=== Begin Enclosure ===
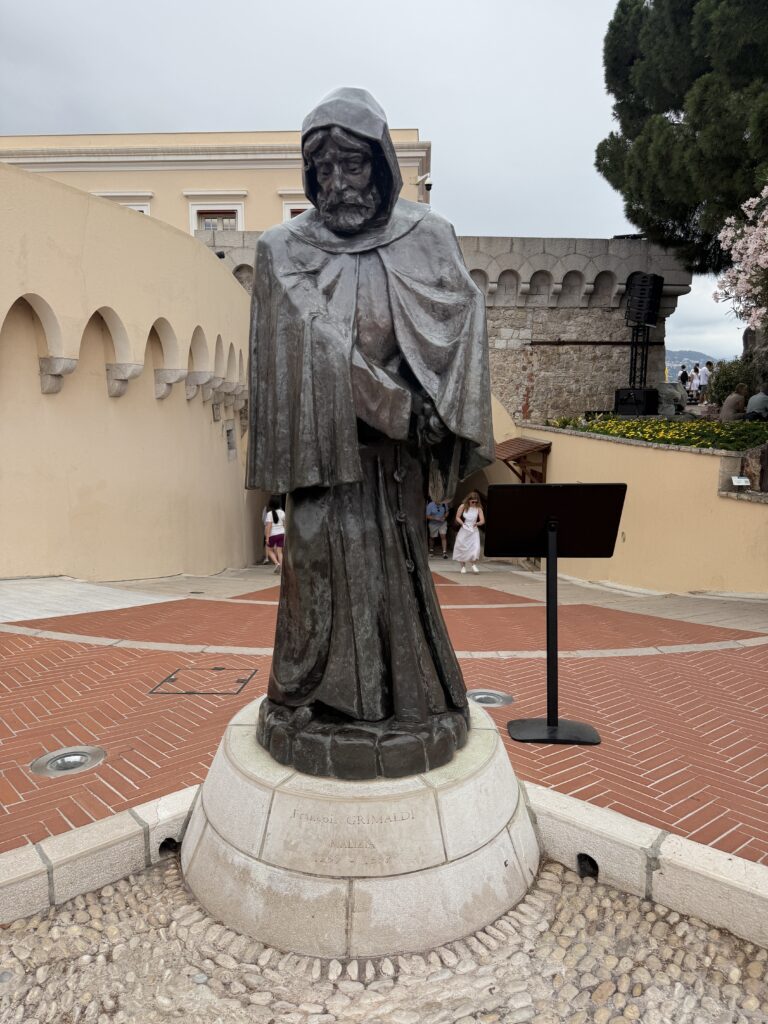 Statue of a monk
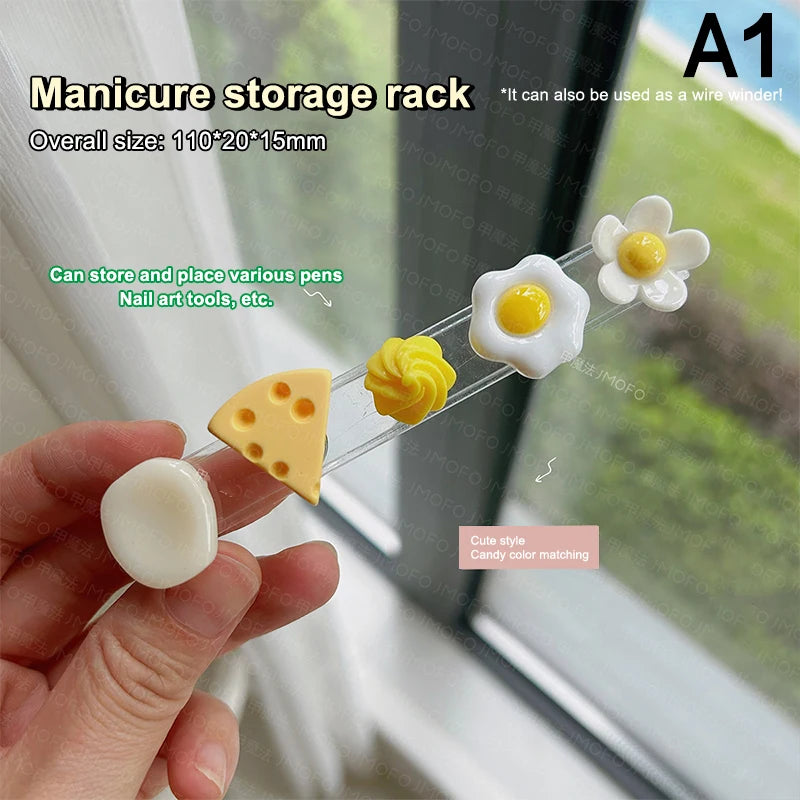 Cartoon Nail Brush Holder Stand Pen Rack Accessory Manicure Tool Qme A1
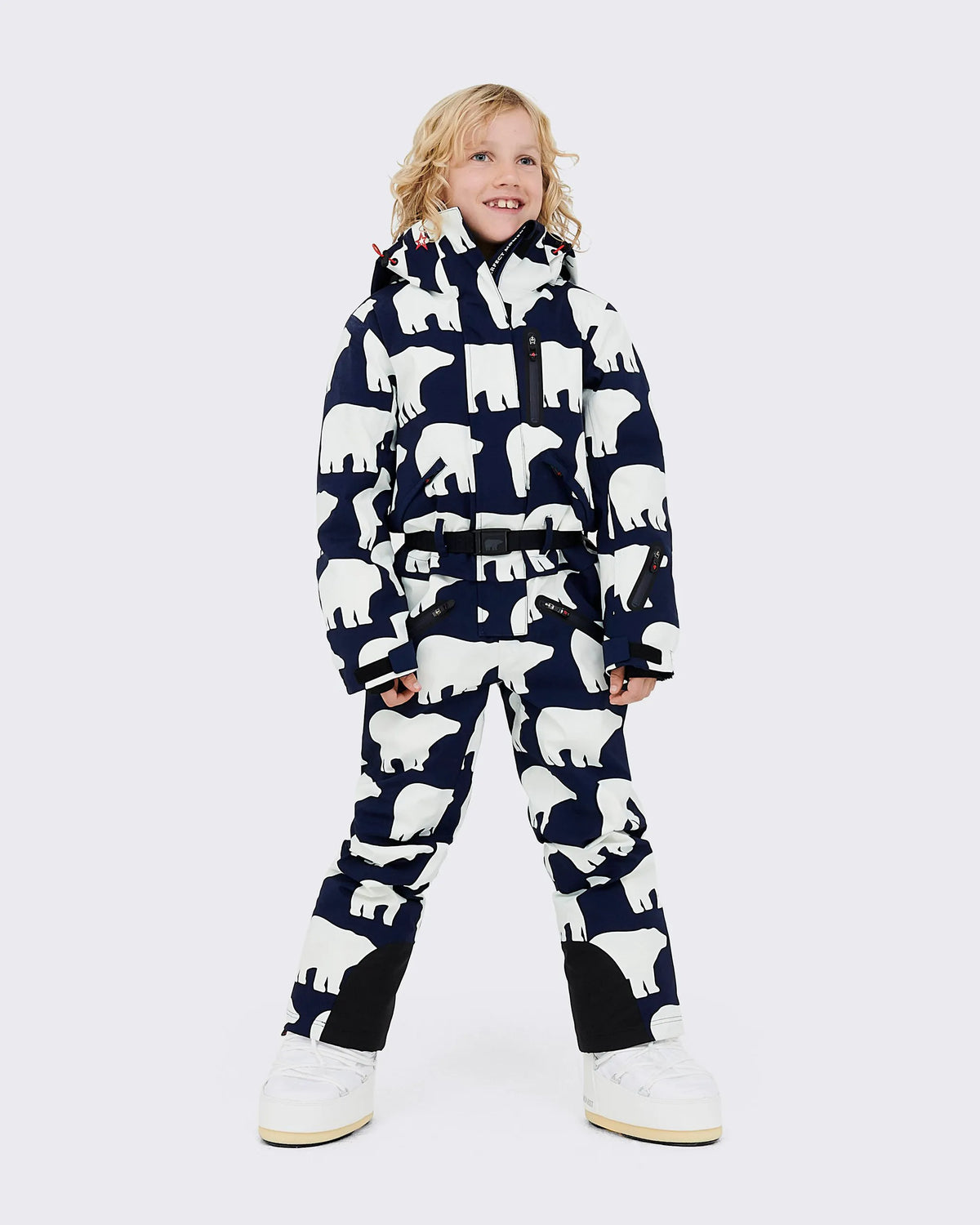 Navy & White - Bear Print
=== End Enclosure ===
*The problem*:
Nothing but the pictures may be dropped; restate the material word for word.

*Result*:
 Statue of a monk
 Cartoon Nail Brush Holder Stand Pen Rack Accessory Manicure Tool Qme A1
 Navy & White - Bear Print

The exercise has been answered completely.